What Are Geocodes and What Is Geocoding?
A geocode is the set of latitude and longitude coordinates of a physical address.
Geocoding is the process of turning a physical address into a set of latitude and longitude coordinates which can then be plotted or displayed on a map.
(Want start your very own collection of geocodes? Try our hyper-accurate US Rooftop Geocoding Demo now.)
We will cover:
- Geocode Basics
- How accurate is geocoding?
- What is geocoding used for?
- How do I find Geocodes?
- Reverse Geocoding
- Geocoding with Google
A ‘geocode’ is just a fancy, shorter way of saying ‘a latitude / longitude coordinate’—much in the same way that ‘geocaching’ is just a fancy way of saying ‘scavenger hunt.’ In other words, a geocode is the latitude and longitude coordinates for a specific location.

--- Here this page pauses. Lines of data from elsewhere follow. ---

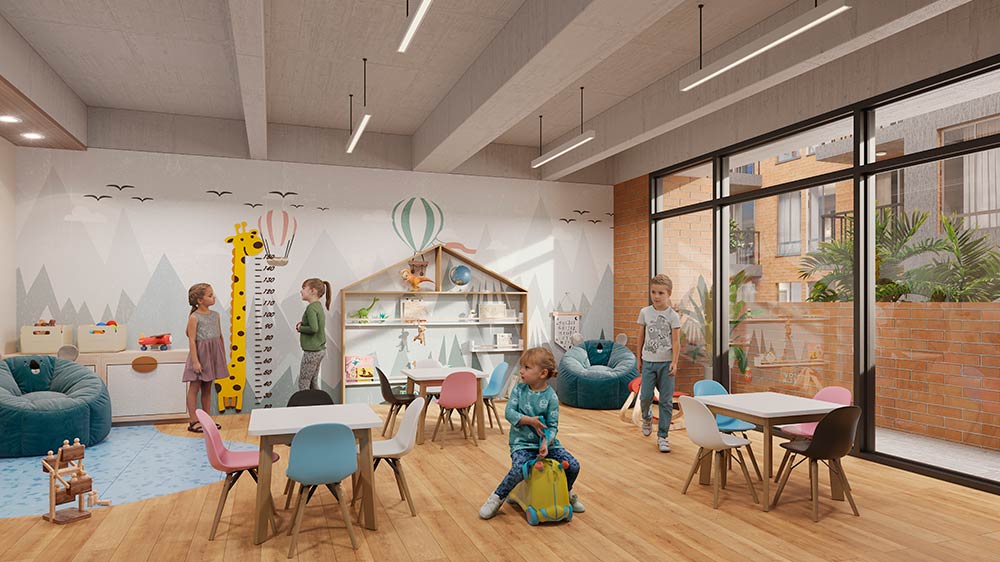 Render Salón de niños Proyecto Tybá Reservado ll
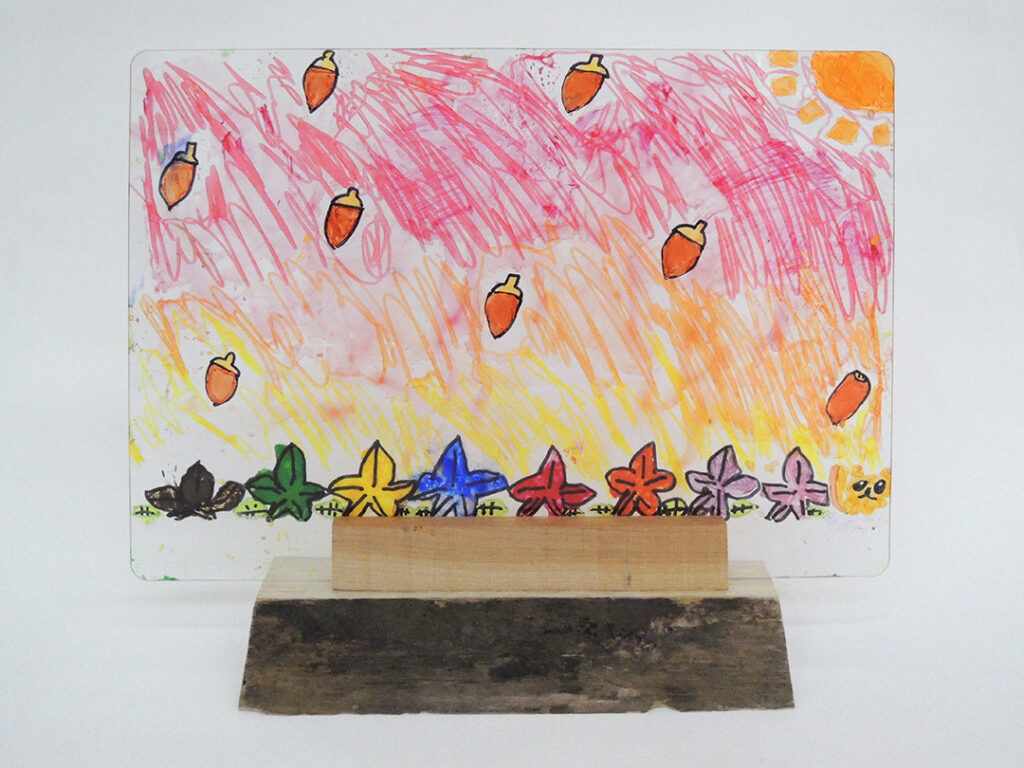 「透明な板に絵を描こう！」２年生の作品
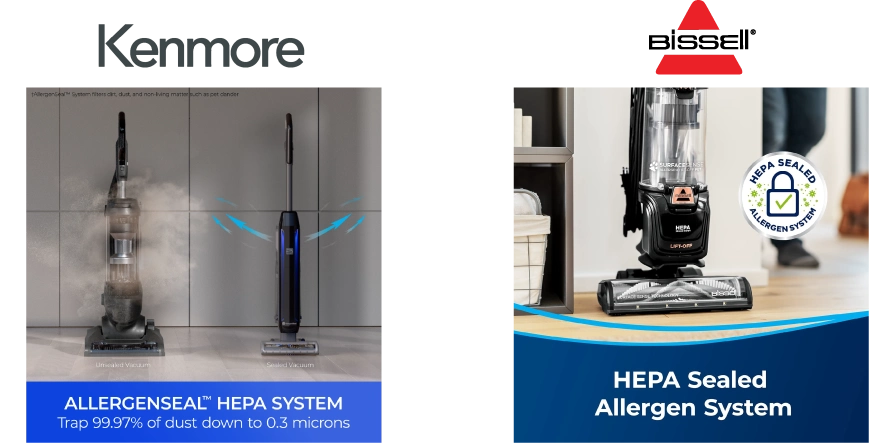 Kenmore vs Bissell vacuums filtration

So, if geocodes are the lat long coordinates, then geocoding is converting a location's description from one format (like a street address) into that location's specific lat long coordinates. Geocoding can be done in a number of different ways that differ in methods, costs, and results.
How accurate is geocoding?
Asking “How accurate is geocoding?” is like asking “How fast is a car?”. Neither question can be answered until we ask a more precise question. For example, if you asked a more precise question like, “How fast is a Ferrari F40’s 0–100 km/h?”. We can easily answer “4.1 Seconds”.
Perhaps a more precise question to ask about geocoding would be, “How accurate can geocoding be?”. That is a question worth answering. To give you the answer you need, we need to discuss the four main types of geocode accuracy. They are, ZIP+4, interpolated, parcel centroid, & rooftop.
ZIP+4 Level Geocodes
A ZIP+4 Code represents a postal delivery route that generally contains 10-20 addresses. A ZIP+4 level geocode is simply the approximate center of that route. This makes these geocodes accurate to about the block level of the desired address. This is great if you only need the approximate location of an address without needing to know the exact rooftop or parcel.
You may have heard of interpolation before, likely used by a math teacher. Interpolation isn't just useful in high school math classes, though. It's also used in other practices—like geocoding.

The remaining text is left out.